Longtime series scribe Frank O'Connor described the creative decision behind moving the TV series forward with a mix of familiar and brand-new plot elements. "We want to use the existing Halo lore, history, canon, and characters wherever they make sense for a linear narrative but also separate the two distinctly so that we don’t invalidate the core canon or do unnatural things to force a first-person video game into an ensemble TV show," he wrote. O'Connor said that all things Halo up until this point, including games, comics, novels, and online errata, count as "core canon" for the series, while the TV show will exist as a "parallel, similar, but separate timeline," officially dubbed the "Silver timeline."

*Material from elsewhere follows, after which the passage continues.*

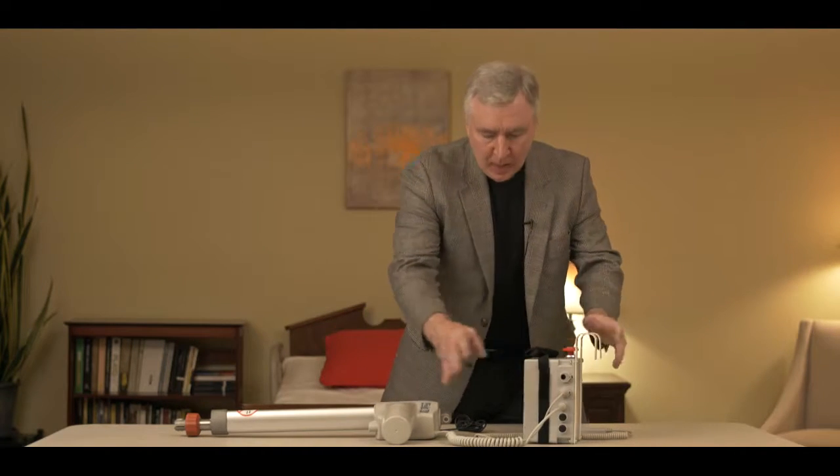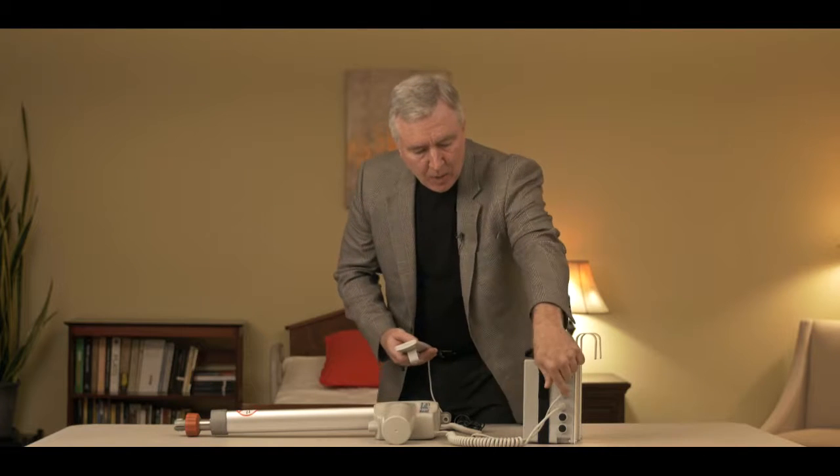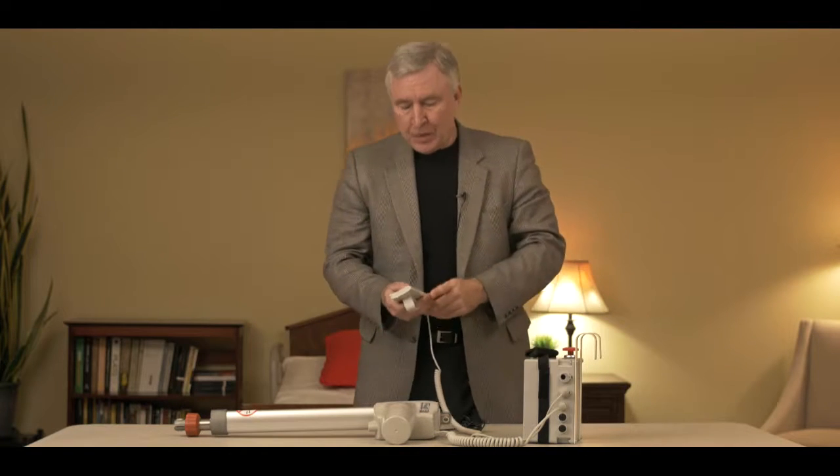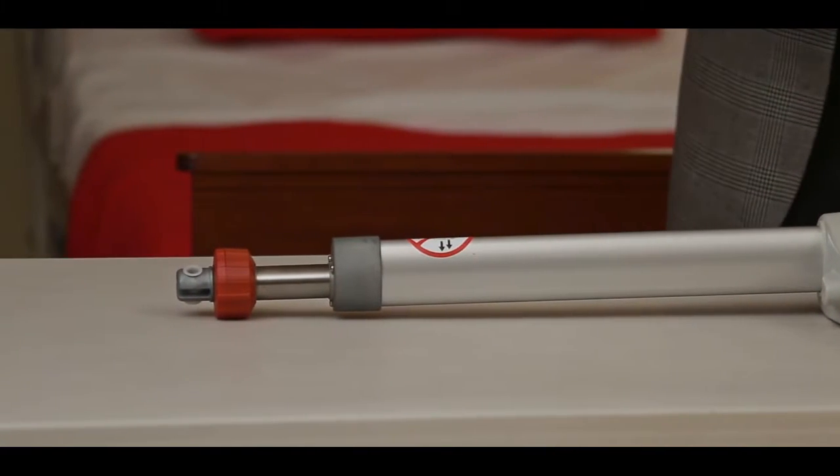Hey folks, Damian here with BestCare. The purpose of this video is to help you troubleshoot your Style 1 electronics. You can see here that we have everything plugged into the system right now so we can run it — to show how this would work when it was on your lift. The control box has the actuator plugged into it, and the hand control. When we hit the up button, you're going to see this motor go up and down, just as if it was on your patient lift.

The trailer is full of familiar Halo elements, not only the seemingly endless humans-versus-aliens battle of the UNSC and the Covenant but also the recognizable weapons, vehicles, and otherworldly armor on each side of the conflict. Yet the trailer showcases more brand-new characters than existing ones, with Master Chief (Pablo Schreiber, American Gods) and Dr. Catherine Halsey (Natascha McElhone, Californication) surrounded primarily by a new "Silver Team" of Spartan super-soldiers: Kai-125, Soren-066, and Vannak-134. Prepare yourself to hear John-117 (i.e., Master Chief) voiced by someone other than Steve Downes—though, to his credit, Schreiber does a fine job sounding gravelly and war-weary in this trailer.
One other familiar Halo face shows up briefly: Cortana, Master Chief's longtime digital assistant. But while the TV version of Cortana is voiced and visually modeled after the character's in-game voice actor, Jen Taylor, her TV-series introduction as a CGI character suffers from awkward, uncanny-valley presentation, with none of the character's typical blue coloration or see-through, hologram-like effects. Perhaps Paramount+ is saving some trippy Cortana effects for the series' March 24 debut.
As far as Halo lore is concerned, this trailer makes a few massive changes that befit a new, parallel timeline. The biggest comes from Master Chief apparently discovering a Halo Array by touching and interfacing with an underground artifact at a Covenant excavation site, as opposed to the simpler "crashed on a Halo" angle of the series' first video game. Speaking of origins, the trailer also hints at a deeper, darker look at the Spartan super-soldier project, which has always been a remarkably dark "train children at a young age" plot wrinkle that the games shrug off. (O'Connor suggests that the TV series will reveal this "dark" content "through the eyes of the kids who experienced it" and "the adults tasked with making it happen.")
The trailer also fast-forwards to a version of Halo 5's central conflict—that the UNSC powers-that-be have become concerned about Master Chief going "rogue." Perhaps his discovery of the Halo Array doesn't align with human military forces' concept of a "need-to-know" basis—but at the very least, the trailer's brief hint at this tension suggests a larger role for the character of Dr. Halsey. We hope both the script and McElhone's performance elevate a character who has generally been stuck on the sidelines in the game series.
While Chief and friends are seen waging war against Covenant baddies—whose CGI constructions are arguably the coolest-looking parts of the trailer—the TV series introduces an entirely new human ally of the Covenant who wraps her foes in weird tentacle-like traps and whispers that they should "surrender to the Covenant." It's hard not to see this new character as a way to save on the CGI budget and have a human actor in place of an entirely CGI one, but perhaps Paramount+ will surprise us on that front.
If Paramount+ and 343I wanted to blow away fans with a TV reveal stunner, however, this trailer wasn't exactly it. Some of the framing of battles and explosions suggests a limited soundstage for live-action sequences, all augmented with CGI, as opposed to anything that looks as sweeping and epic as an average Halo video game battle. And the aesthetic limits aren't helped by the trailer putting a Phil Collins cover song over the iconic Halo theme. That said, we've seen clever, limited CGI work well in recent years, particularly on The Mandalorian, so we'll keep our fingers crossed that this brand-new Halo interpretation makes the most of its modest reach. And compared to other ho-hum live-action Halo efforts, particularly Forward Unto Dawn, it looks like this one will establish some considerable stakes with the popular Master Chief character.
Either way, we won't have long to wait for the results; the series will debut in late March.